As a rudimentary estimate (what senior lecturers like to call a “back of the envelope calculation”*) of the environmental impact of our foreign adventures, I took the direct distance between the cities (or capital cities where specific locations were not stated) logged on the Where in the World map and London, and multiplied this distance by two for a return journey. Granted, this does not take into account multi-stop trips or the fact that more than one person might have been to the same location, but it should give an answer to a first order approximation.

The total air km accrued by the PhD cohort is a whopping 581,000 km. That’s 14 and a half times round the world, or almost a return journey to the Moon.

The average lunar distance is 384,000 km, but varies with the orbit of the Moon to between 356,700 and 406,300 km.
The average lunar distance is 384,000 km, but varies with the orbit of the Moon to between 356,700 and 406,300 km.

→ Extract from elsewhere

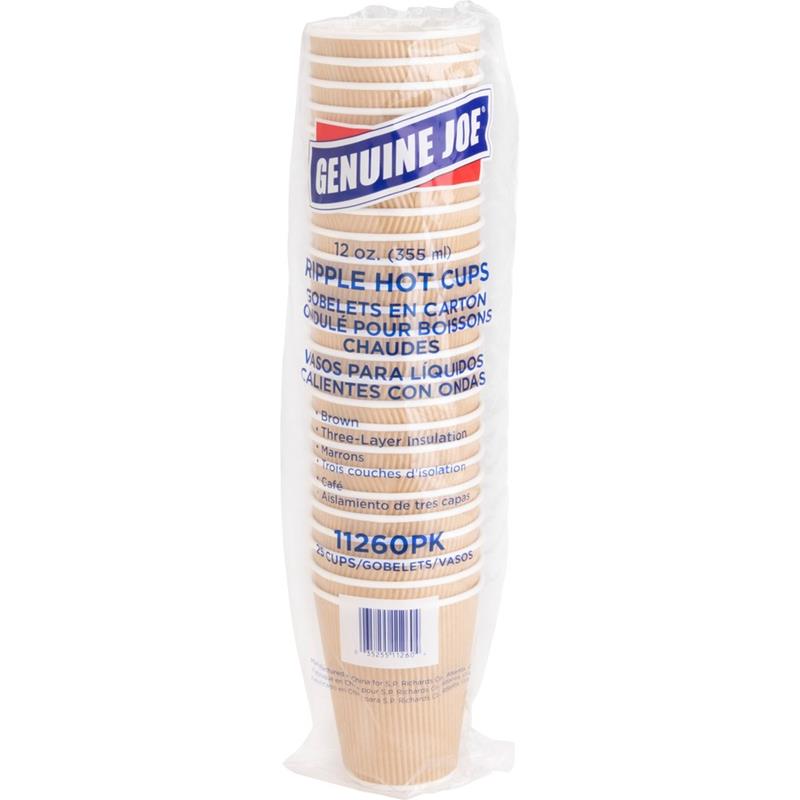 Image Genuine Joe Ripple Hot Cups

Using values from the Carbon Trust this figure can be converted to kgCO2e (that’s kilograms of CO2 equivalent); averaging per passenger for long and short haul flights1, our air travel has pumped about 58,000 kg of carbon dioxide into the atmosphere. To put this in some context, it would take ~1,400 tree seedlings ten years to sequester that amount of CO2 2.

To some people, including myself, this might seem a little ironic. Much of the research carried out at in the School of Earth Sciences (and School of Geographical Sciences) at Bristol concerns climate change, both from a palaeo perspective and studying the modern-day effect of anthropogenic emissions. As scientists, we should be more aware than anybody of the impact of our globe-trotting, and yet we think nothing of flying halfway across the planet for a conference or fieldwork. Just as a very recent example, the last PAGES (Past Global Changes) meeting was held in Goa, India. The aim of the conference was to discuss what Earth’s history can tell us about the future climate change of our planet; in practical terms, ~360 presenting authors from around the globe hopped on long-haul flights. Isn’t this hypocritical, or at the very least short-sighted?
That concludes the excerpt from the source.